After a second, 5 to 10-minute break, the last section of the ISEE is the personal Essay. Students are presented with 1 prompt and are given 30 minutes to organize their thoughts and write them out.
The prompt is usually personal in nature meaning that students will not be required, for example, to have outside knowledge of current events or facts and figures.
The essay is not scored by the ERB. Instead, schools receive a copy of the student’s maximum 2-page essay and are allowed to draw their own conclusions.
Students should strive to logically and concisely address the given prompt. Schools will primarily want to see how students express their ideas in writing under pressure and without the benefit of third party editing.

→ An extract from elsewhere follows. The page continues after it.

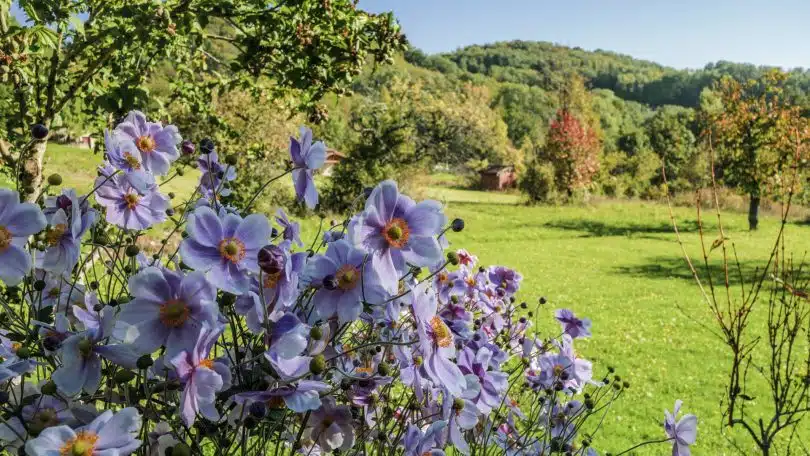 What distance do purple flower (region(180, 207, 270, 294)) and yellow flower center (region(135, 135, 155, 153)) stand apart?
2.10 ft

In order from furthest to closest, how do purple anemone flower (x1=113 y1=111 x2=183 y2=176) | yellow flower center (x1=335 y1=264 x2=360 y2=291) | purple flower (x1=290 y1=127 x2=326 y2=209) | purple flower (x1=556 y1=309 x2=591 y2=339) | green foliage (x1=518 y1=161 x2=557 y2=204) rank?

Since it’s a personal essay, the schools also want to see if the student can understand how topics relate to them and how they’ve learned from their experiences. This translates well to how they’ll perform in humanities courses and on science papers.
You will have 30 minutes to plan and write an essay on the topic printed on the other side of this page. Do not write on another topic. An essay on another topic is not acceptable.
The essay is designed to give you an opportunity to show how well you can write. You should try to express your thoughts clearly. How well you write is much more important than how much you write, but you need to say enough for a reader to understand what you mean.
You will probably want to write more than a short paragraph. You should also be aware that a copy of your essay will be sent to each school that will be receiving your test results.